When it comes to policy, Gradek says the new generation of the Air Passenger Protection Regulations (APPR) and the associated dispute resolution process will continue to make headlines in 2024. “The amendments proposed by the Ministers of Transport in 2023 will come into effect in the coming months and the commercial aviation community will step up its insistence that there is no value in penalizing entities for actions that have been caused by multiple aviation parties. We are seeing retrenchment by the European Union on their respective APPR-type provisions and these modifications will most likely be debated in Canada throughout 2024.”

And because there’s never a dull moment in the airline industry, Gradek includes four more points in the ‘watch this space’ category …
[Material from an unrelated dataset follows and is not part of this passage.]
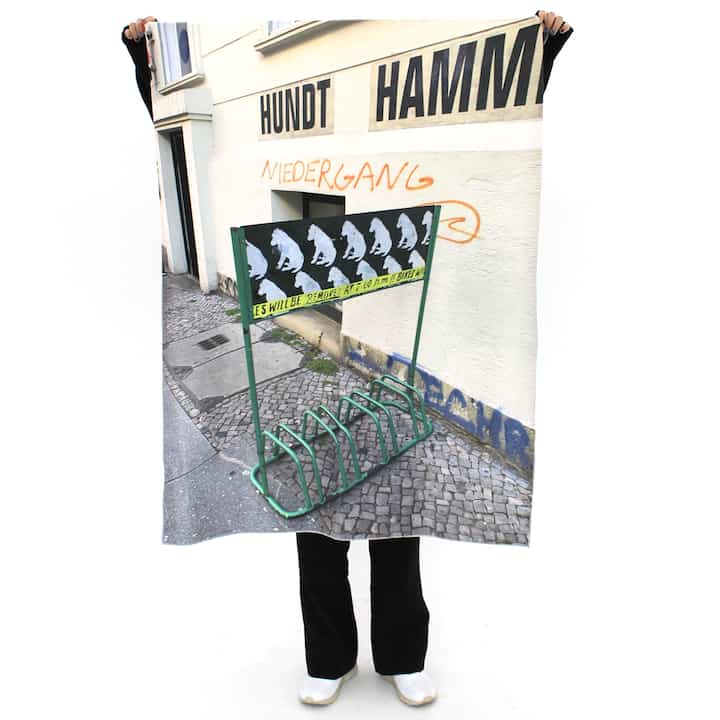 Berlin bicycle parking facility ブランケット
  • “The 10-year interval between reviews of the Canada Transportation Act and its ancillary Acts will most likely be launched. The 2016 Emerson report reaffirmed Canadian government policies with respect to infrastructure and operations. However, the COVID-19 pandemic has highlighted a number of practices that need to be addressed, some more urgently than others. My concerns are focused on Canadian airport governance and the need to invest in airport refurbishment and technologies to maintain our position as a leading global aviation environment. Another is the need to review the role of Transport Canada as both regulator and administrator of commercial aviation. Time might be near to recognize a formal delineation of government authority to ensure impartiality and economic decision-making.”
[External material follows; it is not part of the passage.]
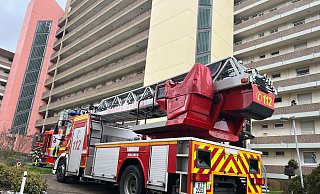 Die Drehleiter muss beim Brand in dem Hochhaus an der Detmolder Straße glücklicherweise nicht zum Einsatz kommen. - Paul Brinkmann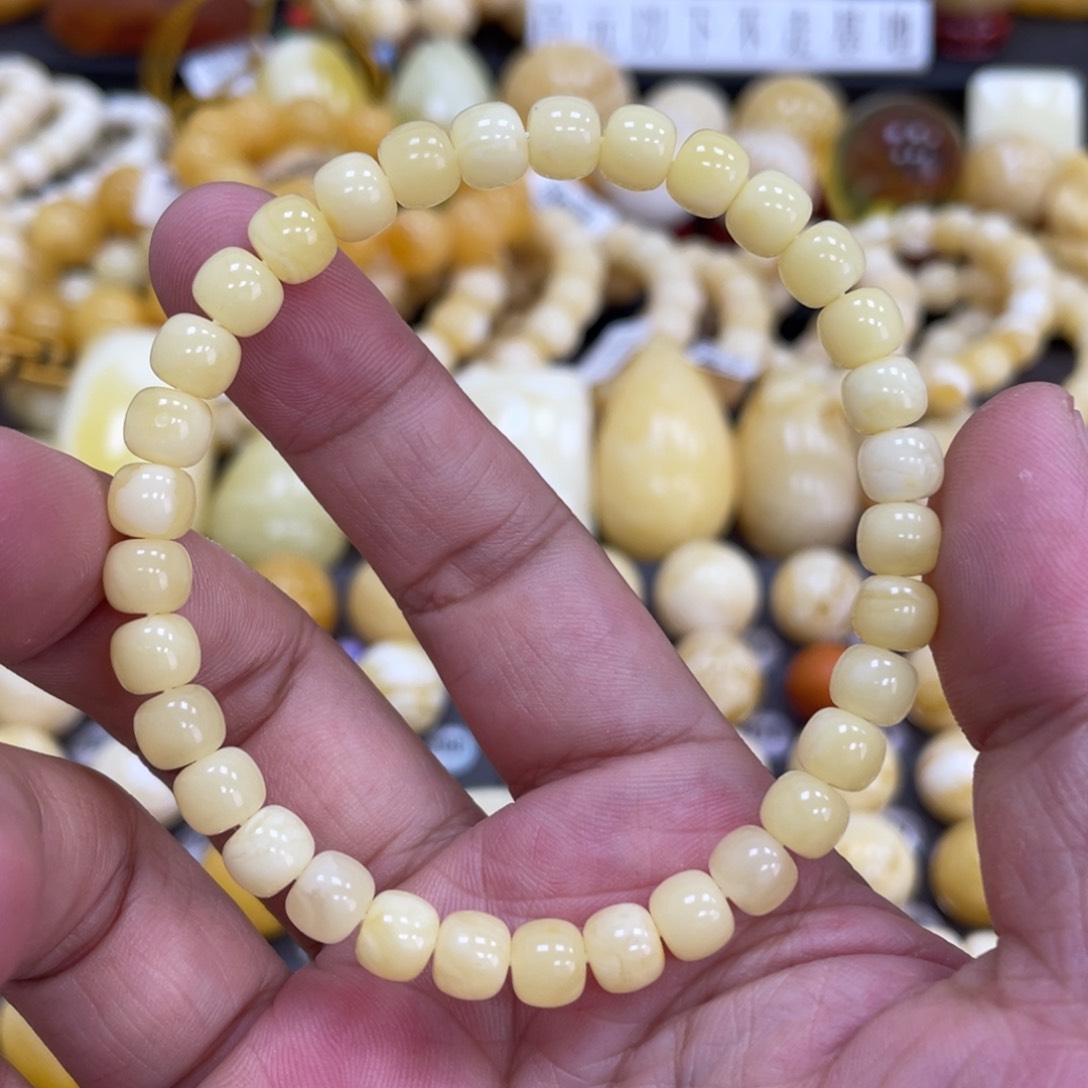 未镶嵌琥珀珠宝奇石6.5mm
  • “The aviation emissions conversation will get more heated in 2024, with greater pressure to reduce greenhouse gas emissions on a much faster scale than the “net-zero by 2050” mantra currently being espoused by the industry. There will be a greater emphasis placed on ‘zero’ emissions rather than ‘net-zero’ emissions. The SAF (sustainable aviation fuel) initiative will be under the microscope as the debate on climate-change-induced constrained food supply keeps agricultural land from being used for aviation fuel sources. And hydrogen becomes mainstream as a mid-2030s aviation fuel, coupled with corresponding aircraft designs.”
  • “The rush to commercialize ‘touch-less’ passenger processing and the mainstreaming of dynamic airfare pricing are technology platforms that will get consumer protection advocates excited, requiring cautions similar to the ones we are experiencing with the rush to Artificial Intelligence applications in any number of industries. Personal data security and the extent of electronic data capture by the aviation industry will come under review.”
  • “Loyalty programs will be challenged by new entrants as unfair competition and regulators will be called upon to examine these programs as tools restraining fair competition. A long-shot issue, but you never know.”